Let’s not have any knee-jerk reaction this time. The bank shares were already worth almost nothing, so there is scarcely any real impact of this price movement on the economy and on incentives.
Instead we need to have a process of confidence-building in the coherence and feasibility of the overall economic policy strategy for recovery. This must include a broad acceptance of the parameters of tax and spending policy, including on public sector pay. (Banking issues are only part of the equation and they will not be improved by sudden or half-baked initiatives.)
Previous posts have talked about public sector pay and restructuring the tax system. Getting a broad social consensus around an acceptable policy approach must surely be the priority. Here too, precipitate action will not be helpful. We need to know not only the government’s intentions; but that they will be seen as sufficiently effective and fair to elicit broad support rather than a general rejection and protest.
5 replies on “Holding our nerve”
Our CDS has also widened to 256.2bps from 220bps Friday.
The government has yet to convince the markets that is able to handle an the fiscal fallout from an economic crisis and a banking recapitalizations.
I think this should be the governments number 1 priority. Otherwise when we need money in 6 months time it just won’t be available to us.
Patrick and James,
What would be the specifics of such a plan? I mean it seems a bit easy to say “we need a plan” that people will buy in to.
What taxes, if any, should be raised and by how much? How much extra revenue would such changes raise? (assuming for example a 4% fall in GDP)
What spending, besides perhaps the 5% cut in public servant pay (perhaps excluding a proportion on low incomes?) should be cut? What savings are possible/likely here?

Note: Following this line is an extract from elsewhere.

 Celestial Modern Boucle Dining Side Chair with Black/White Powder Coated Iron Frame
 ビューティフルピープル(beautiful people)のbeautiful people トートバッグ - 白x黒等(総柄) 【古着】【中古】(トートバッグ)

What is the largest size deficit that we can run without risking serious reaction on capital markets? What is the desirable size of this deficit, given a potential/likely significant reduction in private sector demand? What should be the balance between current and capital cuts?
What should be done about the banks? It would appear that full nationalisation of the sector is now a serious candidate for the policy choice. Is this a good idea? If so, on what terms? If so, should bad debts be rolled up in a bad bank with the hope of re privatising the banks as quickly as possible? Will this help avoid the drip feeding of public money into zombies? Should the sector be consolidated? If so, what is the best new arrangement?
Saying we need a proper plan is almost surely correct but is of little use, unless you go ahead and propose such a plan, including the details. Such a proposal could serve as a benchmark – i.e. this is what one/two of our leading economists think we should do. Is it acceptable to stakeholders? If not, which parts? Etc.